- Born: Mona Scott February 15, 1967 (age 59) New York City, U.S.
- Occupations: Media mogul; television producer; entrepreneur;
- Years active: 2005–present
- Known for: Love & Hip Hop; Violator Management;
- Spouse: Shawn Young ​(m. 2005)​
- Children: 2
- Website: monamient.com

= Mona Scott-Young =

American media executive

Mona Scott-Young ( Scott; born February 15, 1967) is an American television producer and entrepreneur. She is the CEO of the multi-media entertainment company Monami Productions, best known for producing the VH1 reality television franchise Love & Hip Hop.

==Life and career==

Scott was born and raised in New York City to Haitian parents. In 2005, she married Shawn Young. They have two children.

===Violator===
While working at Radio City Music Hall, Scott-Young was approached by the Brooklyn group TrackMasters to come on board as their manager. Through them, she met music executive Chris Lighty and, in 1996, the two co-founded the management company Violator. Over the course of twenty years, Violator helped launch and revamp the careers of artists such as Busta Rhymes, LL Cool J, Q-Tip, Foxy Brown, Ja Rule, Mobb Deep, 50 Cent, Mariah Carey, Fantasia and Missy Elliott, who she still manages today.

===Television===

Scott-Young transitioned into television in 2005, producing The Road to Stardom with Missy Elliott on UPN and creating her own television production company, Monami Productions. In 2006, Jim Ackerman, a director at VH1 at the time, approached her to help develop a reality television series which centered on rapper Jim Jones. Inspired by female ensemble-driven shows that were popular at the time, Scott-Young shifted the concept to focus on Jim's girlfriend Chrissy Lampkin and her circle of friends.
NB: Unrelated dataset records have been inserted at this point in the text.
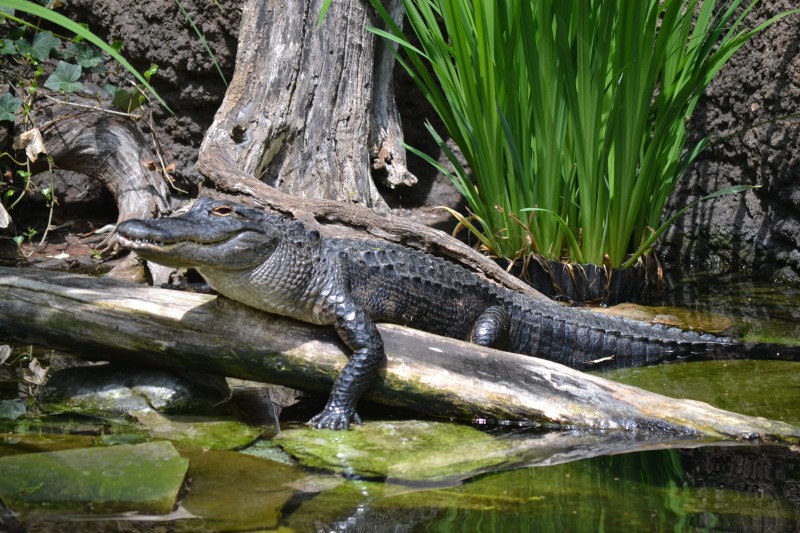 Alligator in zoo image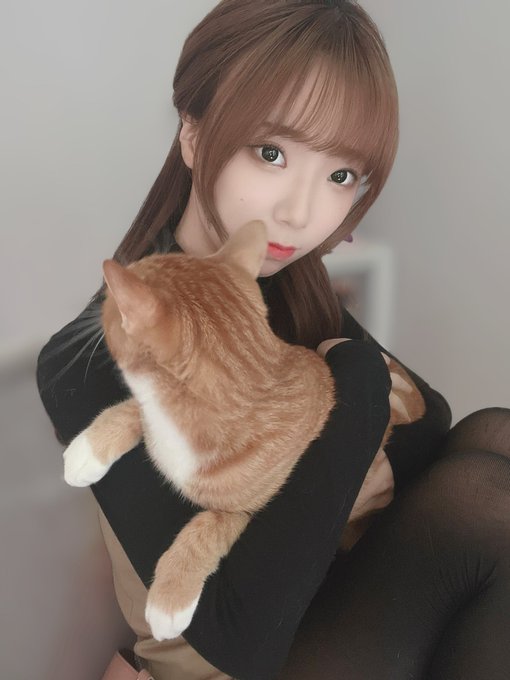 コスプレイヤーHattie（へティー）のTwitter画像5
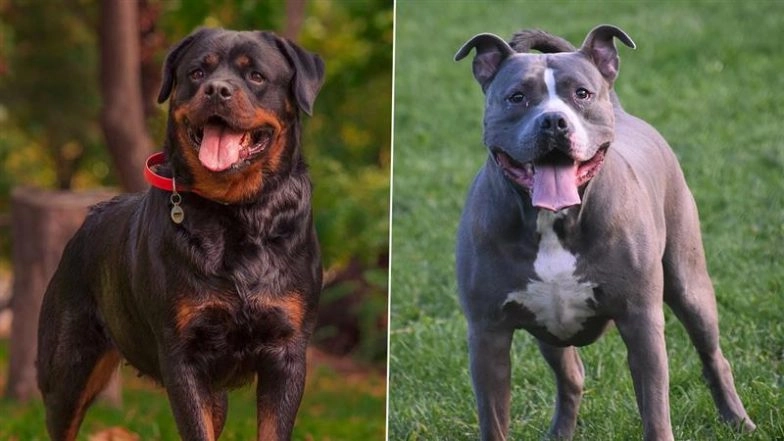 Goa Bans Pitbull and Rottweiler Breeds Following Rising Dog Attack Incidents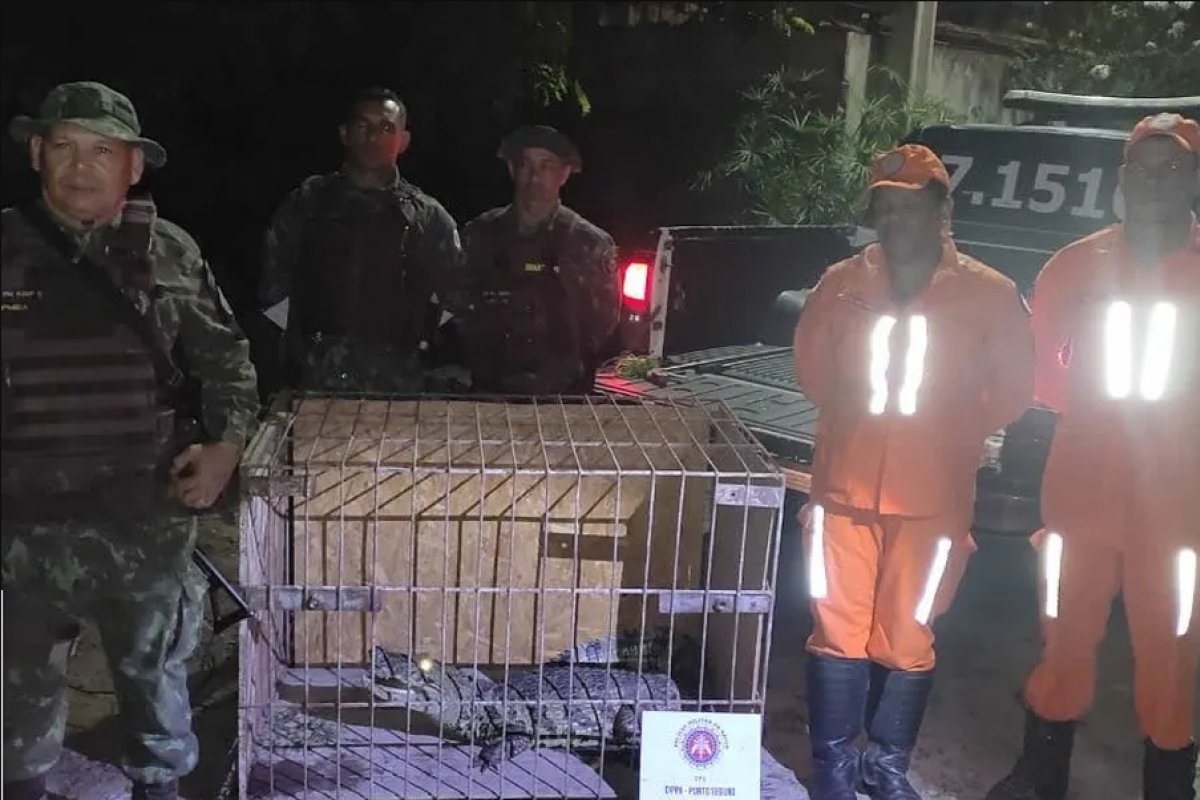 Jacaré de 1,7 metro é resgatado em Eunápolis, no extremo sul da Bahia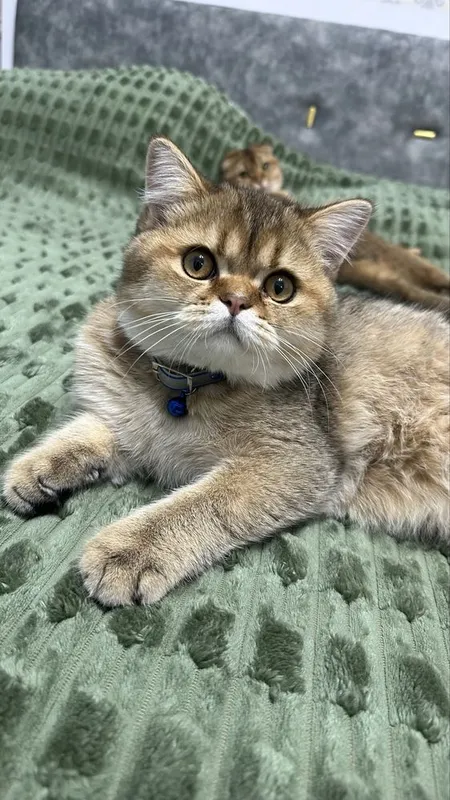 Вязка Кот Скотиш Страйт Золотая шиншила — фото 5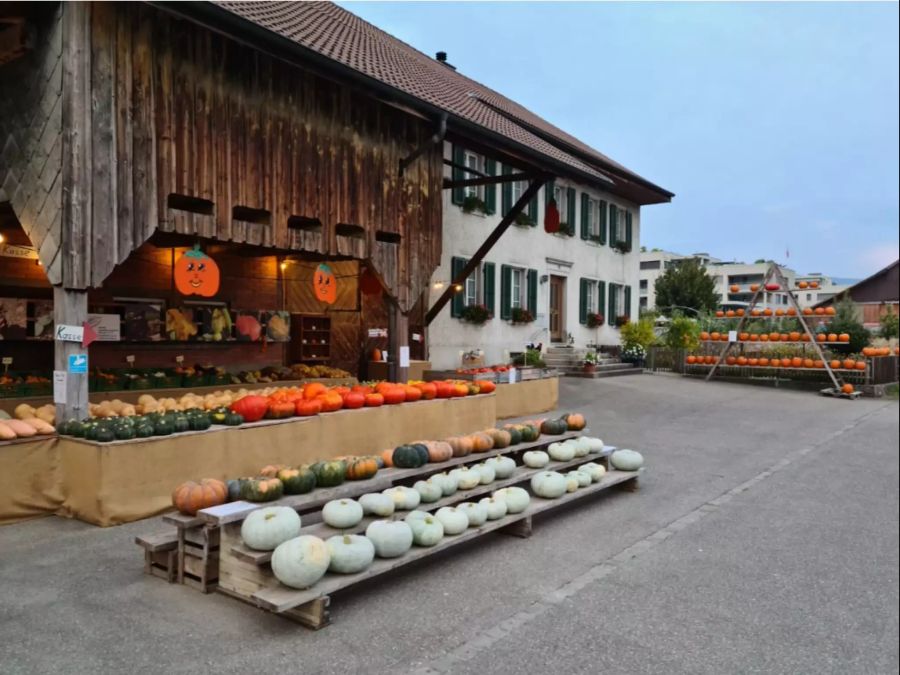 Kürbisse Salm Kirchdorf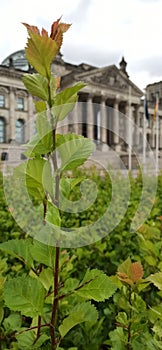Plant before the Berlin Bundestag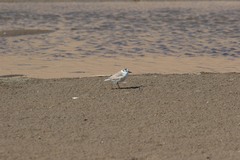 Charadrius marginatus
The series, now known as Love & Hip Hop, went on to become a huge success.

Scott-Young sees the Love & Hip Hop brand as an opportunity maker. "To have a franchise that represents our culture, our people and to have that kind of staying power and the ability to invent and reinvent as we expand into different cities to me that's probably what I'm proudest of. [It's] the ability to provide the jobs both in front of and behind the scenes... to women and people of color as well.".

The show spawned a media franchise that included the spin-offs Love & Hip Hop: Atlanta, Love & Hip Hop: Hollywood, Love & Hip Hop: Miami, Chrissy & Mr. Jones, K. Michelle: My Life, Stevie J & Joseline: Go Hollywood and Leave It to Stevie. In addition to the Love & Hip Hop franchise, Monami Productions has produced Donald Trump Presents: The Ultimate Merger for TV One, Cocaine: History Between the Lines for the History Channel, The Gossip Game and This Is Hot 97 for VH1, The New Atlanta for Bravo and Money. Power. Respect. for WE tv.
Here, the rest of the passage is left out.